An Analysis of Applied Behavior Analysis (ABA) Therapy, By Guest Blogger
Jenn Dirks, Author of Emelie’s Voice
There is a lot of discussion out there about ABA Therapy. I often get asked my views on it and whether or not we used it with Emelie. Both of those questions lead to some complicated answers. So, I thought, I’d address it and spend more time on it.
For those who are new to term ABA Therapy and what it means, that’s where I’ll start.
ABA Therapy stands for Applied Behavior Analysis Therapy. There are various types of implementation of ABA but it centers on the core philosophy of observing a client and then helping them with various techniques to better assimilate and cope in life.
Mind you, that’s a rough definition. Essentially it comes down to behavior modification. Before we go further I want to answer the biggest questions that come at me, do I think ABA Therapy works and am I for it or against it as the case may be. I think ABA is like any other therapy out there; it may or may not work for each person that attempts to use it. I am for most concepts with ABA and if it allows a client to grow and benefit from it, then by all means. It’s one of those things that I land in a grey area.
I worked with ABA Therapy briefly. I’ve seen how it can change the lives of some and make no difference in other situations. ABA is tailored for each person, using principals that will work for them. It’s a long process. Often families leave the programs they are starting as the first few weeks are tough. Everyone is getting to know each other and the client will often challenge that change.
It’s emotionally draining. It’s physically draining. It’s mentally draining. It’s psychologically draining. On everyone involved. There will be tantrums. There will be meltdowns. There will be crashes. There will be screaming. There may even be some pretty hard core stimming. It’s change and it’s daunting.
For families who observe the staff doing the therapy programs, it can often seem that they are pushing the client hard and fast. Other families listen and only get a piece of the information. It can be gut wrenching. Those who are implementing the therapy are caught in a conundrum. Show kindness and love and yet seem indifferent. Be professional and not let their emotions show. It’s a fine line and balancing act for them.
I once worked in ABA Therapy. The hardest part for me was keeping all my emotions in check all the time. I didn’t do it long. I wanted to cry when the clients suffered setbacks. I wanted to cry when there were situations beyond our control with the families and there was no way to help. I wanted to share opinions that may have crossed professional lines so I kept them to myself. In the end, I learned a lot. I also realized that it was not the job for me.
Which brings us to the part of the conversation where I answer the tricky question of did Emelie ever receive ABA Therapy. The simple answer is no. The more in depth answer is we’d be doing ABA techniques with her since she was two. The thing that surprised me most was how natural and common sense prevailed in some of the techniques.
We ignored negative behavior when we could. If necessary we would correct the behavior and move forward. We used a lot of positive reinforcement. From rewards and praise to treats. We made her earn goals to get bigger “treats”. We worked on dialog and conversation.
Example of that is, “Emelie.” Wait until she would look at us. “If I say Good Morning what do you say?” Wait a second until she responds. “Good Morning” and move on to the next question in that dialog. If she were to say nothing or ignore the statement or say something like “I like hot dogs” (which is how she did answer once) we’d repeat the whole process 1 or 2 times.

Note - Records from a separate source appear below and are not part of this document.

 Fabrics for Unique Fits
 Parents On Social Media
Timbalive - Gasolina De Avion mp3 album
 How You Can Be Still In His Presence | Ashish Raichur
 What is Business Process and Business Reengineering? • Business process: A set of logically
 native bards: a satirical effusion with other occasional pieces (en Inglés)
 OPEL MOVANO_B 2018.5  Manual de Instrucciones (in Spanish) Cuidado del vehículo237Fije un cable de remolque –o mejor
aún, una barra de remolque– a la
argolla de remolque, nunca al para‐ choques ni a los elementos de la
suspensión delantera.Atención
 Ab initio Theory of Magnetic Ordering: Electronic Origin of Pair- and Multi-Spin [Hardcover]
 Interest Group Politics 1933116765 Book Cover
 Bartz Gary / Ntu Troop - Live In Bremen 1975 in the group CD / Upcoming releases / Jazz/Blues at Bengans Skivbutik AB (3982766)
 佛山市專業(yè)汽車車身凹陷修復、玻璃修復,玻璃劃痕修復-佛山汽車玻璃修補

I was shocked to learn that that is an ABA technique. So we were doing what worked for Emelie. I’m not one for redirecting stims. Yet I do know that in some circumstances offering an alternative or an appropriate outlet can help them when they are older. Kids who don’t understand can be cruel and tease those that seem different.
Em’s stims are veiled stims. She is very cautious about being seen spinning and jumping as she gets older. She saves those for when she is ready to burst out of her skin and can’t release any other way. She tries to keep it for home or with close family/friends. Her stims are very subtle. So unless the stims are going to hurt her (like picking at her scalp/skin) we don’t redirect. The redirection we offer her is safe but still all hers.

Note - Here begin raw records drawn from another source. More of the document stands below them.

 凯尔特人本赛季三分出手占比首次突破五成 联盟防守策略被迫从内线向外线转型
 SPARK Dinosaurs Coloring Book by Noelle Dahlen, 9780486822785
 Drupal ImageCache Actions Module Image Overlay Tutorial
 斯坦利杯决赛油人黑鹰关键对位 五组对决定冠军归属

Not every ABA Therapy program works for everyone. More importantly, not all ABA Therapy programs work the same way. If you are fortunate to live in an area that is serviced by more than one, if one doesn’t work the other one may. For the record, not all ABA Therapy programs redirect stims either. Some will. Some won’t. And some will take the approach we do with Em.
I’ll end with this. There is no right or wrong answer for is ABA Therapy good or bad for people on the spectrum. In my opinion, there are a lot that will benefit from ABA. Just like there is a lot that it will not benefit at all. Parents and doctors should talk and discuss the benefits and drawbacks to an ABA program before deciding whether to try it or not. If a parent really wants to try it, do the research and ask LOTS of questions. Understand what is going on. Be involved. That’s the best way to know if it’s a good idea.
For those who do choose ABA, stay involved. Ask lots of questions. Leave the therapy staff do their job and make notes of questions. Ask them afterwards. And most of all, know it isn’t always tears or screams. There is laughter and joy that can happen too. The therapy staff will rejoice with milestones met and challenges overcome right with you.